The Grace in Falling

Oct 22, 2025

 

In Autumn 2020, I wrote a post responding to that meme that floods my feed every Fall—the one about how the autumn leaves show us how beautiful it can be to let go.

I wrote then: Ugh…if I see this one more time, I think I'll scream. Of course, letting go can be beautiful. It can also be really painful and not very pretty at all.

It’s that time of year again, and I find myself revisiting that idea. Over these past few years, I’ve learned a few things about what it really means to let go.   

Contemplating the cycles of nature has helped me understand - deep in my bones - that dissolution is essential for something new to emerge.

The fallen tree in the forest seems tragic, until you witness the new life flourishing in the soil beneath its upturned roots. The more-than-human world reminds us, again and again, how necessary it is to release the old to make space for the new.

My daily meditation practice has taught me a lot about letting go. Watching the cycles of my breath—each exhalation a tiny act of surrender—has helped me sit with the busyness of my mind and the discomfort of difficult feelings as they arise.

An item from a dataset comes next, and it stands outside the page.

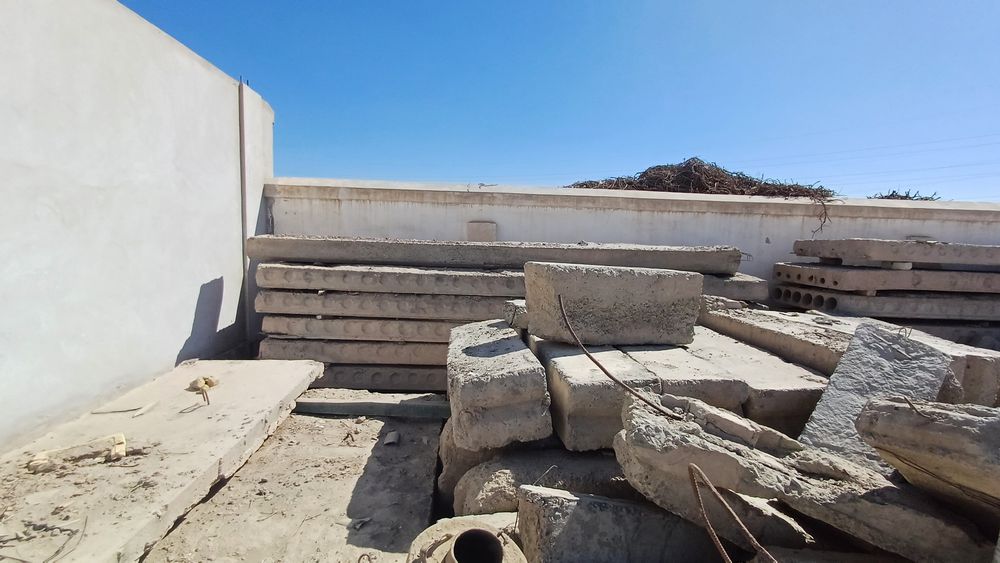 Соколные блоки 30 шт.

Some mornings, anxiety rises within minutes. As my mind spins stories about all the things I should be doing instead of sitting here, I let the thoughts and feelings arise and subside. Eventually—reliably—this gives way to a quiet calm, not because the distracting thoughts or feelings disappear, but because I settle into the spacious awareness that holds them.

This is kind the effort that practice invites—not the forcing kind, but the kind that releases the grip. On the meditation cushion, the effort is in not trying to fix the anxiety or follow the stories. It's the effort of staying present with what is, even when what is feels uncomfortable.

In my asana practice, I've also made peace with saying goodbye to poses that no longer serve my 56-year-old body. There was grief in letting go of arm balances and deep backbends that were a fun part of my practice for decades. At first, it felt like failure. But beneath the grief, there was also relief.

Instead of pushing into ever-deeper poses, it’s liberating to honor what my body needs and to welcome in simpler, subtler practices that feel more appropriate at this stage of my life.

This subtle effort—where how we are is as important as what we do—serves us well when life beckons us to let go.

It's the opposite of the kind of effort we're taught to make everywhere else, where effort means pushing through, overriding our body's signals, and prioritizing achievement and productivity at any cost. That kind of effort that leaves us exhausted, disconnected, and perpetually striving.

Yoga asks something entirely different of us: it’s the effort of attunement rather than achievement. It’s listening first - sensing when to act and when to soften, when to persist and when to release. It's learning to harmonize our individual will with the natural flow of life as it unfolds.

While our experience of letting go might not always mirror the seamless beauty of the falling autumn leaves, I've come to see that our messy, imperfect letting go carries its own kind of grace.

And if we keep evolving and practicing this subtler, gentler kind of effort, we may discover that grace has been there all along - even in the falling.